Tuesday, November 14, 2006
By Patrick Seale
"The visit to Washington this week of Israel's Prime Minister Ehud Olmert will provide President George W. Bush with an opportunity to correct the catastrophic slide towards the abyss of America's policy in the Middle East.
But will Bush seize the chance? Can he, at this eleventh hour, summon up the intelligence, the will and the courage to change course? In spite of cataclysmic changes in the American political landscape, there is little ground for optimism.
But to correct American policy in the Middle East would require something like a political earthquake in both Washington and Israel - and there is no sign as yet of any such upheaval. The changes required are so radical as to seem both unrealistic and unrealisable. In both countries, hard-liners are still very much in charge.
In spite of this disastrous balance sheet, there is still no consensus in the US that the invasion and occupation were a colossal mistake which can only be corrected by a full withdrawal. Fanatical neocons, such as William Kristol, editor of the Weekly Standard, are even urging the US to send in still more troops!
Friends of Israel would no doubt argue that the smashing of a major Arab state has improved Israel's strategic environment by removing any threat from the East. But the price paid by America has been very high indeed and will continue to be paid for many years unless the United States recovers the independence of its Middle East policy.
As a preliminary measure, Bush would have to force Olmert to lift his cruel siege of the Palestinians in Gaza and on the West Bank and halt all activities to extend colonies. Bush has had many opportunities to do so over the past five years, but has fudged them all. Is it at all probable that he will now have a change of heart?

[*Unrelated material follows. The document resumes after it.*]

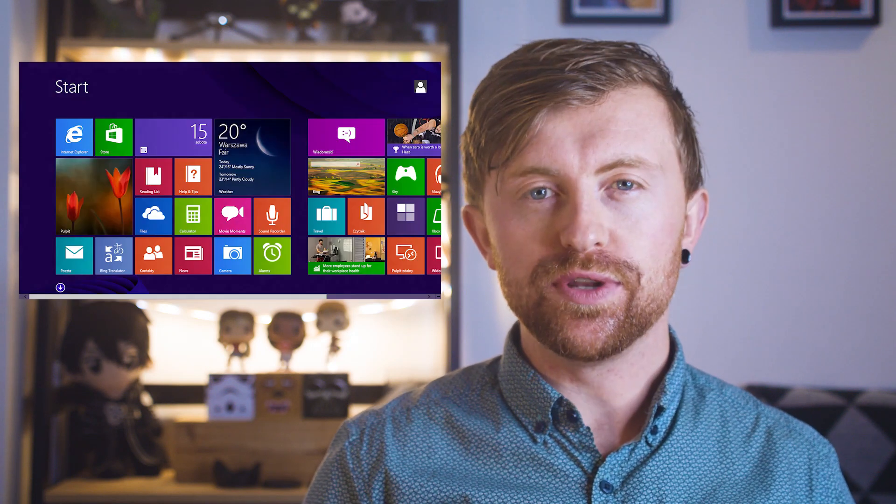Hey guys, it's Joel here with Make Tech Easier. All services, big and small, come to an end someday, and Windows is no different.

But nothing of the sort is likely to happen. On the contrary, Olmert has moved closer to the hard right by bringing an Arab-hating racist, Avigdor Lieberman, into his cabinet. Traumatised by its failure to crush Hezbollah during the 33-day Lebanon war this summer, Israel's current mood is to expand its army and seek still more weaponry in anticipation of a "second round", rather than to respond to the many Arab calls for peace talks."